WHAT YOU HAVE TO DO: When you reach the line with "Historic Townhouse &" in the data below, begin printing lines exactly, and stop once the line with "Mulher e Filho" has been printed.

INFORMATION:

◇ ◇ ◇ ◇

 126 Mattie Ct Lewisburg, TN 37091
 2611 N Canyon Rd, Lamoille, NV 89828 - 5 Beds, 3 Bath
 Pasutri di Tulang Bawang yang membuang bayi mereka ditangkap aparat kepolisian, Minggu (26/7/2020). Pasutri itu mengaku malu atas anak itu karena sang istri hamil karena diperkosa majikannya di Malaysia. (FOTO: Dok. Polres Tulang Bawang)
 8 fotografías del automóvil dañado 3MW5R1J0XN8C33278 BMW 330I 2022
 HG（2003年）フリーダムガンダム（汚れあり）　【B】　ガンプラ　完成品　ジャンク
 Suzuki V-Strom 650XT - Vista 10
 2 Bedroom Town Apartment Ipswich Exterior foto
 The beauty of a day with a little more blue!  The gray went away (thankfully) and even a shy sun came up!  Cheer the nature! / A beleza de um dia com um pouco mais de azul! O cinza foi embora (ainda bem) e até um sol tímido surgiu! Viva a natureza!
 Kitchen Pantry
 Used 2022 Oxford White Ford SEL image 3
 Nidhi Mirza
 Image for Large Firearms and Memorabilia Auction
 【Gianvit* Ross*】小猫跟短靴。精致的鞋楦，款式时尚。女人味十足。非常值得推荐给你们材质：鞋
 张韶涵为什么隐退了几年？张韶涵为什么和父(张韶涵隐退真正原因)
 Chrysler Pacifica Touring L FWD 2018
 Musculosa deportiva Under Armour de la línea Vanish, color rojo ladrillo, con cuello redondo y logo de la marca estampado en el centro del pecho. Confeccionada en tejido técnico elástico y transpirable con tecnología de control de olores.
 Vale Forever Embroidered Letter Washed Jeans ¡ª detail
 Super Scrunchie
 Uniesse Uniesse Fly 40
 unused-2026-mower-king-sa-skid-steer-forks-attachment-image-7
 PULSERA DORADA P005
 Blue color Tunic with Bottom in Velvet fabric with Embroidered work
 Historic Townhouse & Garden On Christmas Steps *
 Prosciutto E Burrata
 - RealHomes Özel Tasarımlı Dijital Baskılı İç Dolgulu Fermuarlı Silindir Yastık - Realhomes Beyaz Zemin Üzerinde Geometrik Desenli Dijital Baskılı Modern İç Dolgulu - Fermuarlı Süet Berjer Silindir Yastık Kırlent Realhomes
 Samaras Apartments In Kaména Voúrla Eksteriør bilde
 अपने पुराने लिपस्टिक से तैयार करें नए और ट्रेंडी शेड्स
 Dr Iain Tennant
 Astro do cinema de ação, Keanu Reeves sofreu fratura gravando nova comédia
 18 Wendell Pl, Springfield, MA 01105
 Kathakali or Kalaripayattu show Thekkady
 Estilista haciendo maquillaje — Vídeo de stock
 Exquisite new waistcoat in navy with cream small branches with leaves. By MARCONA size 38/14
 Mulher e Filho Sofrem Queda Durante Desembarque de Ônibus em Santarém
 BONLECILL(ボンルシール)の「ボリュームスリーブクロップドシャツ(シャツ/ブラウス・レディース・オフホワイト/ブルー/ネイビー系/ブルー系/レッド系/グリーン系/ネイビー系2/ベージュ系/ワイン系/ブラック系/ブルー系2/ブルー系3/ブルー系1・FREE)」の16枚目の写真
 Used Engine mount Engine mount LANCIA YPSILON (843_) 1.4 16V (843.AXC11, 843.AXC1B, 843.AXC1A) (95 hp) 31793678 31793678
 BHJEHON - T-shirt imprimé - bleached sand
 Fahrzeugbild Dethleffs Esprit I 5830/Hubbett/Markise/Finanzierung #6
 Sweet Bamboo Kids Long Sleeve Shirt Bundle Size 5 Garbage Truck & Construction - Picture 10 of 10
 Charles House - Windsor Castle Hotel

◇ ◇ ◇ ◇

RESULT FOR THIS TASK:
 Historic Townhouse & Garden On Christmas Steps *
 Prosciutto E Burrata
 - RealHomes Özel Tasarımlı Dijital Baskılı İç Dolgulu Fermuarlı Silindir Yastık - Realhomes Beyaz Zemin Üzerinde Geometrik Desenli Dijital Baskılı Modern İç Dolgulu - Fermuarlı Süet Berjer Silindir Yastık Kırlent Realhomes
 Samaras Apartments In Kaména Voúrla Eksteriør bilde
 अपने पुराने लिपस्टिक से तैयार करें नए और ट्रेंडी शेड्स
 Dr Iain Tennant
 Astro do cinema de ação, Keanu Reeves sofreu fratura gravando nova comédia
 18 Wendell Pl, Springfield, MA 01105
 Kathakali or Kalaripayattu show Thekkady
 Estilista haciendo maquillaje — Vídeo de stock
 Exquisite new waistcoat in navy with cream small branches with leaves. By MARCONA size 38/14
 Mulher e Filho Sofrem Queda Durante Desembarque de Ônibus em Santarém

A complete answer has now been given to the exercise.